If you felt that post was bashing, then maybe you need to re-read that entire post once again because that wasn't bashing by any stretch of the imagination. Even if it was, it's all good just as long as he didn't bash on your forum.


----------



## Gotham2krazy

Kitty said:


> If you felt that post was bashing, then maybe you need to re-read that entire post once again because that wasn't bashing by any stretch of the imagination. Even if it was, it's all good just as long as he didn't bash on your forum.


agreed, it wasn't a matter of bashing, actually it wasn't even bashing at all, the post was just saying that it'll be a competing level if we were good on both the marketing level and the on court level


----------



## urwhatueati8god

Right now, being a Knicks fan means watching the games and being constantly reminded of why I shouldn't be a Knicks fan. :nonono:


----------



## Gotham2krazy

urwhatueati8god said:


> Right now, being a Knicks fan means watching the games and being constantly reminded of why I shouldn't be a Knicks fan. :nonono:


hell yeah, but you stick through the thick and thin


----------



## DareToBeYinka

Kitty said:


> If you felt that post was bashing, then maybe you need to re-read that entire post once again because that wasn't bashing by any stretch of the imagination. Even if it was, it's all good just as long as he didn't bash on your forum.

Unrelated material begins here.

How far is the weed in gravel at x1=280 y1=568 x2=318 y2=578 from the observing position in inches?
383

I re-read it. There is still a sentence in there bashing the Nets.

But it's all good...


----------



## Truknicksfan

> Right now, being a Knicks fan means watching the games and being constantly reminded of why I shouldn't be a Knicks fan.


Hey look next year we cant be any worse...................I hope :clown:



P.S- Guys my computer is broke so Im useing my brothers old one so its going to be hard for me to post. Talk to you guys later I hope.


----------



## IbizaXL

i want the knicks to rise to the top, but only so that there could be another Knicks/Heat Rivalryart-2. :biggrin:


----------